Hornblowers accompany the May garland, from Hone's Table Book of 1827. 
During the 18th century, boys in Oxford blew horns early on May morning. In 1724, Thomas Hearne writes: ‘The custom of blowing them prevails at Oxford, to remind people of the pleasantness of that part of the Year, which ought to create Mirth and Gayety.’ ‘Whit-Horns’ were made from strips of willow bark wound into a funnel and fixed with hawthorn or blackthorn spines. The reed was made of bark and the mouthpiece pinched to create a primitive oboe. From about 1800, Oxford town boys blew their horns at the foot of Magdalen Tower to drown out the choristers.
May Day outside the parish church Great Tew, Oxfordshire, 1911.
The Victorians forgot about the pagan origins of May Day celebrations as they embraced the myth of Merrie Olde England. Three Victorian men helped popularise May Day: Alfred Tennyson with his poem The May Queen; William Holman Hunt with his painting May Morning on Magdalen Tower; and John Ruskin who taught trainer teachers May Day dances at Whitelands College in Chelsea.
By the early 20th Century when my granny Rachel married a vicar, choosing the May Queen was an important part of the parochial calendar. Once seen as a pagan goddess in human form, she was now chosen not for her beauty, but for her regular attendance at Sunday School!
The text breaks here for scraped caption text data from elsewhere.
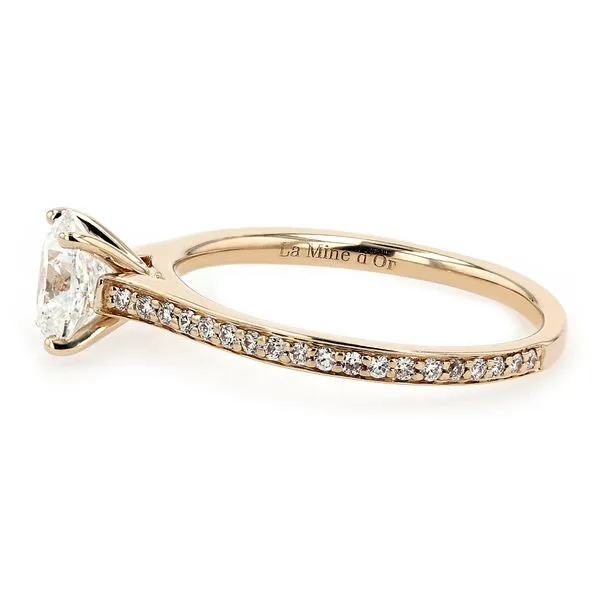 1.10tw De Beers Forevermark Oval Diamond Milan Engagement Ring Image 2 La Mine d'Or Moncton, NB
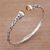 Citrine cuff bracelet, 'Eden Vines' - Citrine and Sterling Silver Cuff Bracelet from Bali thumbail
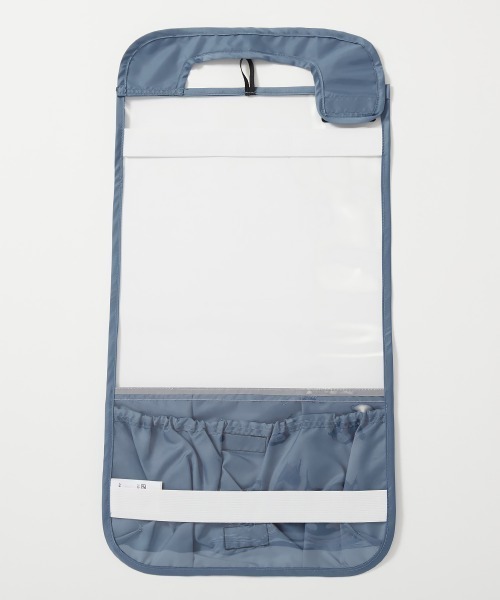 devirock（デビロック）の「収納できるマチポケット付き 撥水 透明ランドセルカバー（ランドセル・キッズ・グレイッシュベージュ/ブルー系1/ネイビー/グリーン系/パープル系1/ピンク系・ONE SIZE）」の10枚目の写真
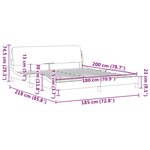 vidaXL Cadre de lit Dover marron 180x200 cm similicuir
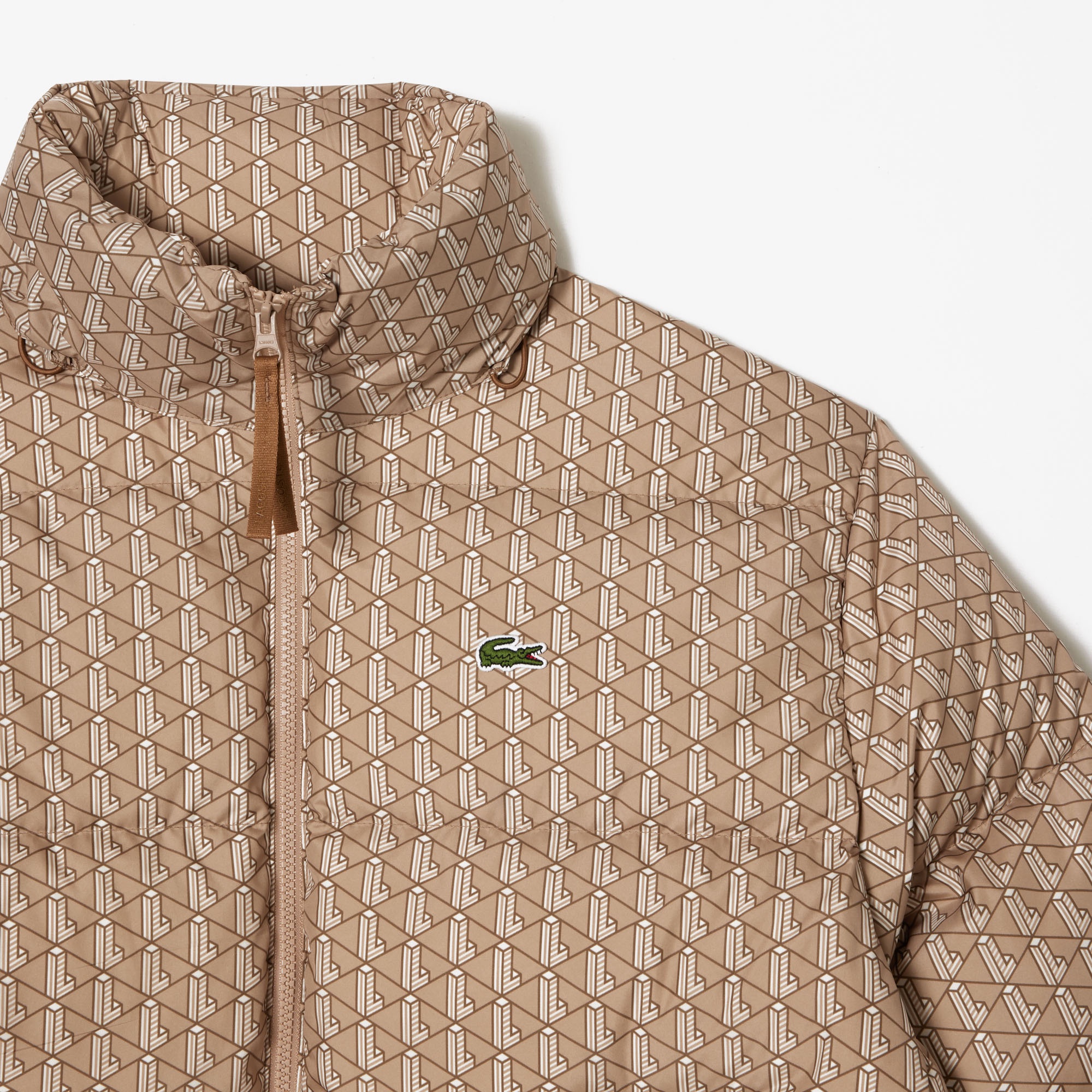 モノグラムプリントダウンジャケット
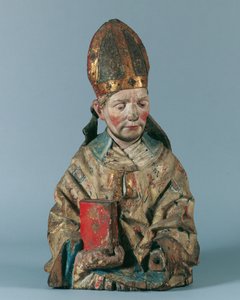 Halbfigur eines hl. Bischofs von Hans Klocker (Umkreis)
Grand-daughters and great nieces celebrate Rachel and Richenda's
80th and 78th  birthdays, May 1 1968.  The author is on the far left. 
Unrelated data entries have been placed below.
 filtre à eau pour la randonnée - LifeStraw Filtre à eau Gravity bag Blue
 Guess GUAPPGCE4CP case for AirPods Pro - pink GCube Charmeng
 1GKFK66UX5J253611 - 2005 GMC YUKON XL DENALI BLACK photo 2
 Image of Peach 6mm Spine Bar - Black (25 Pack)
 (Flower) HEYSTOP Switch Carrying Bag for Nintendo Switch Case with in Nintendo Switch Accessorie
The people of Oxford still celebrate May Morning, starting at 6 a.m. with Magdalen College choir singing the 17th Century Hymnus Eucharisticus from the Great Tower. Church bells then peal out over the city for 20 minutes, and the carousing begins. In Broad Street the Whirly Band  play 'Rough Music'; Sol Samba perform on Magdalen Bridge; and Oxford's community street band Horns of Plenty in Queen’s Lane. Pubs and cafés are open from dawn.
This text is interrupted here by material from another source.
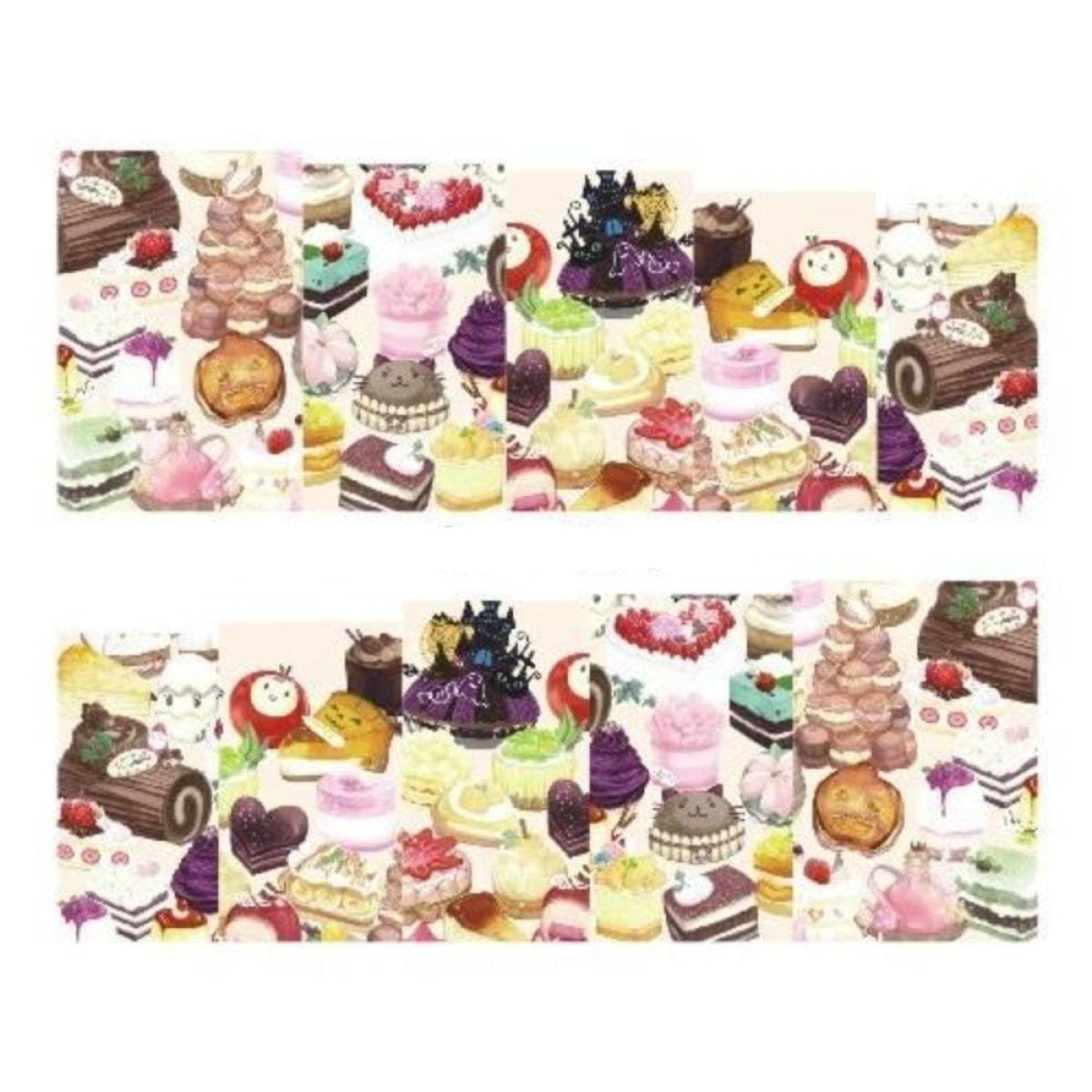 Strawberry Summer Cake & Fruit Stickers For Nails Nail Manicure Art Stz-484 - Sheet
An alternative May Day was started in 1972 by the sculptor Michael Black (1928-2019). His daughter Chess recalls, ‘Michael built a 30 ft high scaffold replica of Magdalen Tower. A full-size plaster ox was decorated with flowers and filled with beer. The Headington Morris men danced outside the Anchor Pub near Aristotle Bridge.Then the dancers came to a slap-up breakfast at Michael's house, cooked by us daughters! Much more drinking and singing followed.’ This year, there will be a wake for Michael in the form of more dancing, drinking and singing at dawn.

1 comment:

Donna S said...

Very interesting post and it must be lovely to live in Britain where May Day is warm and there is greenery. Here in Canada we are still having snow and cold temps. Very discouraging. It has been a long cold winter and I wish we could celebrate Spring!